新時代を担う日中友好の架け橋に

「日中植林・植樹国際連帯事業」2019年日中緑化協力林業青年代表団

 2019年7月28日から8月3日までの7日間、2019年日中緑化協力林業青年代表団(団長:劉昕 中国国家林業・草原局 対外協力プロジェクトセンター 副主任)が来日した。本団は中国国家林業・草原局及び関係機関に所属する青年で構成された計30名で、外務省が推進する「日中植林・植樹国際連帯事業」の一環として招聘した。

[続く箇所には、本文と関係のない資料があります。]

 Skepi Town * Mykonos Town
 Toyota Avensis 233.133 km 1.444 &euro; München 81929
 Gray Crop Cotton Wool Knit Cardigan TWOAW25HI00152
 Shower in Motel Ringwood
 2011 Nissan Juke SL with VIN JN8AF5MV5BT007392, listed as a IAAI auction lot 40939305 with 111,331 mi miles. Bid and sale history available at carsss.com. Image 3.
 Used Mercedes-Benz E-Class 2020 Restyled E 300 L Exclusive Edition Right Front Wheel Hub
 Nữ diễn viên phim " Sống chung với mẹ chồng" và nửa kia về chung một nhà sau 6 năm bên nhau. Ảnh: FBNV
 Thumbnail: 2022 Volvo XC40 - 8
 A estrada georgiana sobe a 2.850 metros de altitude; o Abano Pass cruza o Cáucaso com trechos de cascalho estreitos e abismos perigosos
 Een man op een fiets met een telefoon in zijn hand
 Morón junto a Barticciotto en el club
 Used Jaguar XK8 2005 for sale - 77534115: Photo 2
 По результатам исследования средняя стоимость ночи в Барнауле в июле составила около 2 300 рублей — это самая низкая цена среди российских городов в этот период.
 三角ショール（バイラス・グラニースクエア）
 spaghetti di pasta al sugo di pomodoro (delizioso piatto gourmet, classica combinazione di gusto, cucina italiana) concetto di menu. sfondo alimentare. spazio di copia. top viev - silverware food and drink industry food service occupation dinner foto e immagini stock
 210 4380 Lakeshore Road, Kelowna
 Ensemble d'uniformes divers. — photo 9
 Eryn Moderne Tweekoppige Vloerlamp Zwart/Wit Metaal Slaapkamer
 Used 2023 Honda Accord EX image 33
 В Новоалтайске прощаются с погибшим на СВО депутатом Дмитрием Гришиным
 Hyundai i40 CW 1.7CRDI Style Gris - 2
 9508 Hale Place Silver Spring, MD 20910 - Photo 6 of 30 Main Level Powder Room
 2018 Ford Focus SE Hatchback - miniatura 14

 代表団は、東京と北海道を訪問し、林野庁や緑化関係団体、企業によるブリーフ、国有林や国立公園の視察を通じて、森林・林業・緑化分野に関する理解を深めたほか、北海道えりも町で植樹活動を行った。また、日本の文化や歴史、自然を体感できる施設を視察し、包括的な対日理解を深めた。

 

日本の森林・林業政策や緑化活動・環境保全について学ぶ

 代表団は東京で、塚田直子林野庁森林整備部計画課海外林業協力室長を表敬した後、日本の森林・林業・木材産業の現状と課題についてブリーフを受け、日本の林業政策全般、森林保全政策や防災対策について理解を深めた。また、日中緑化交流基金を訪問し、同基金の概要と約20年間の中国での緑化活動及び成果について説明を受けた他、東京ミッドタウンを訪問し、都会の植樹・緑化・環境の観点から同施設を視察した。

 

北海道の森林管理や緑化・自然再生の取組みについて理解を深め、植樹を実施

 北海道では、釧路市、帯広市、えりも町、札幌市を訪問した。釧路市では、釧路市湿原展望台を見学し、温根内ビジターセンターで環境省自然保護官から釧路湿原国立公園と自然再生の取組についてブリーフを受けた後、木道を見学した。帯広市では、帯広の森の育成管理・利活用の拠点である帯広の森・はぐくーむを訪問し、帯広の森の概要と市民参加の森づくりについてブリーフを受けた後、植樹地の概要、植栽した樹種、森の課題などについて説明を受けながら、森を散策した。えりも町では、日高南部森林管理署管内の林業総合センターを訪問し、えりも町の緑化事業について概要説明を受けた。また、根にダメージを与えず簡単に木を植えるため考案された育苗ポット「カミネッコン」を作成し、その中に苗木と肥料入りの土を入れ、ミズナラ、シラカバ、ハンノキ各15本、計45本を植樹した。札幌市では、北海道森林管理局を訪問し、新島俊哉北海道森林管理局長を表敬した後、北海道の国有林と北海道森林管理局の平成31年度重点取組事項についてブリーフを受けた。質疑応答では、国有林の管理方法や森林の価値、直面する課題等について活発な意見交換を行った。

 

 団員からは「日本では森林価値への認識が深く、森林は国民生活に様々な恩恵をもたらす『グリーン社会資本』ととらえられ、具体的な経済価値が試算されているのに驚いた」「公園建設において緻密さや細部へのこだわりが至るところで見られた。このような細かい積み重ねが、公園建設全体の成功につながっていると思う」「住みやすさや住民の移動しやすさに配慮するなど人間に優しい都市緑化設計がなされており、屋上やベランダを利用して立体的に緑化設計されていたのが参考になった」「日本では国の自然環境改善に対して市民が主役意識を持っており、参加意欲も高いと感じた」などの感想が聞かれた。